Marine Cabos : Vous souvenez-vous de votre première expérience avec la photographie ? Qu’est-ce ce qui vous a motivé ?

Liu Yue : Dans le passé, quand les appareils photo n’existaient pas, les gens utilisaient d’autres moyens pour laisser libre court à leur sensibilité artistique. Il y avait par exemple la peinture et la sculpture entre autre. Aujourd’hui les gens n’ont que l’embarras du choix grâce au développement et au progrès réalisés de manière générale. La photographie, même avec ses cent ans d’existence, représente un nouveau médium dont l’aspect est radicalement différent de ce que l’on a pu connaître auparavant. La photographie s’ancre dans la contemporanéité, elle s’oppose aux notions habituelles de déterminisme ou de vitesse, vous pouvez obtenir à peu près ce que vous voyez même si parfois ce n’est pas si évident. Je dirais que c’est un médium rempli de contradictions et de fourberies, qui peut à la fois dissimuler et mettre à jour.
J’ai véritablement commencé à créer des photographies artistiques après l’université, mais jusqu’à maintenant je ne me suis jamais considéré seulement comme un photographe puisque la photographie n’est qu’un composant de mon processus créatif. Cependant, il arrive qu’inconsciemment la photographie apparaisse comme l’unique moyen de m’exprimer, cela se fait plutôt de manière passive, c’est ma passivité qui au final me fait choisir ce médium.

MC : Quelles sont les étapes lorsque vous créez une photographie ?

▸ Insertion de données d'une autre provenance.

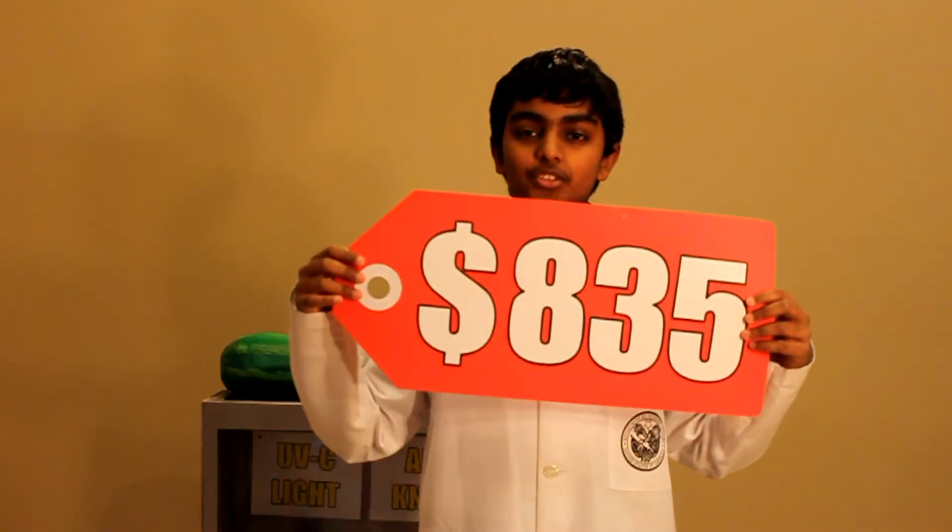Out of 100 customers surveyed, 91% would like to see the Incredivere implemented in stores. With an estimated cost of $835, the Incredivere is a feasible and effective solution that has been approved by a microbiologist and a food safety manager at the grocery store chains that we investigated.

LY: Je vais expliquer cela à travers un exemple. Avant que de commencer une conversation, on a en tête une vision claire du but à atteindre et des attentes quant au résultat final (sinon il serait impossible d’avoir des questions logiques et rationnelles, ou d’obtenir des réponses claires). Mais dans la pratique on ne sait jamais sur quoi cela va aboutir. Autrement dit, c’est une condition inconnue inscrite dans le temps, une manière subjective d’énoncer un paradoxe prédéterminé. Dans le processus de la conversation, il nous est impossible de savoir quelles seront les conséquences, pourtant il semble qu’avant d’obtenir le résultat réel de notre face à face on essaie toujours de le prévoir. Ce procédé qui nous fait avancer dans une direction inconnue va au delà d’un jugement prédéterminé. Cette quête de la connaissance et de l’inconnaissable, cette sorte de chaos contradictoire, m’intéresse particulièrement.
Quand je créé quelque chose, même si cela provient d’un désir subjectif, je ne peux absolument pas prévoir ce que sera le résultat final, j’ai beau tenter de programmer et de contrôler le résultat est souvent trompeur. L’œuvre finale va s’orienter vers une normalité inconnue, plus naturelle et plus précise. Je souhaite explorer ce genre de concept coercitif ainsi que les choses d’apparences naturelles. Je n’ai pas de plan fixé clairement qui pourrait me donner une ligne directrice stable et suffisante, mon processus créatif consiste simplement à exprimer de manière formelle les difficultés ou les problèmes auxquels je fais face. Peut-être que je créerai cette œuvre de telle manière et une autre d’une autre manière, cela dépend. Je n’ai pas envie que mes travaux reposent sur des méthodes vraiment certaines ou fiables.
Je trouve mon inspiration à travers les objets du commun. Je tente de dévoiler leur essence, elle-même conditionnée par un temps donné. Dans de telles conditions prédéfinies, je m’efforce de ressentir ces choses importantes et pourtant si insignifiantes. Regarder sans détour un objet permet aussi de révéler à l’audience d’autres choses d’apparence banale. Cette banalité au fur et à mesure va être accentuée et donner davantage d’information, elle ne devient alors pas si ordinaire que ça. Peut-être qu’il s’agit simplement de l’apparence réelle des choses dans leur condition naturelle.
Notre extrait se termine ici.